The Christians do face a dilemma here. They believe in a God that loves all humans, but they also appear to believe in a God whose love is conditional on the behaviour of the loved ones (correction, all the ones I get preached at by seem to). I guess it is a reflection of the fact that Humans cannot love everyone, and often find it hard to keep on loving those they do when the "loved one(s)" do things that are disagreeable to the "lover". We project our selves onto God, and the result is not pretty (which is the true meaning of the quote about "making God in our own image", I believe).

You have talked about the idea of a truly All-loving God being beyond our imagination, and you may well be right.

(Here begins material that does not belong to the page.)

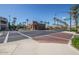 Street view showcasing a well-maintained community with tree-lined streets and inviting architecture at 20546 W Summit Pl, Buckeye, AZ 85396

Certainly, religious teachers in many traditions, and not just Christian ones, seem to assume that the deity/deities they worship have limited capacity to love humans.

Can Christianity, or any other tradition for that matter, transcend this human flaw? I'd love to believe so. But I fear it may be a pious hope.

Note that, though most of what I have written refers to Christianity, that is because (a) I know more about that faith than any other and (b) I assume (rightly or wrongly) that others reading this also familiar with that tradition. I'm sure the same issies apply to other religions in some form.

Personally, I seek a dialogue with someone who can actually show me a "eureka" argument that proves the existence or non-existence of a deity. Not necessarily the specific one(s) they worship, but a godhead of some sort.

None seems to be forthcoming so far, and what I have heard combined with my own observations and logic is, though strongly suggestive of a specific answer (no), has not been able to give me a totally convincing one.

I suspect that I will never find that argument this side of the grave.

EDITED to make the point I was trying to make clearer.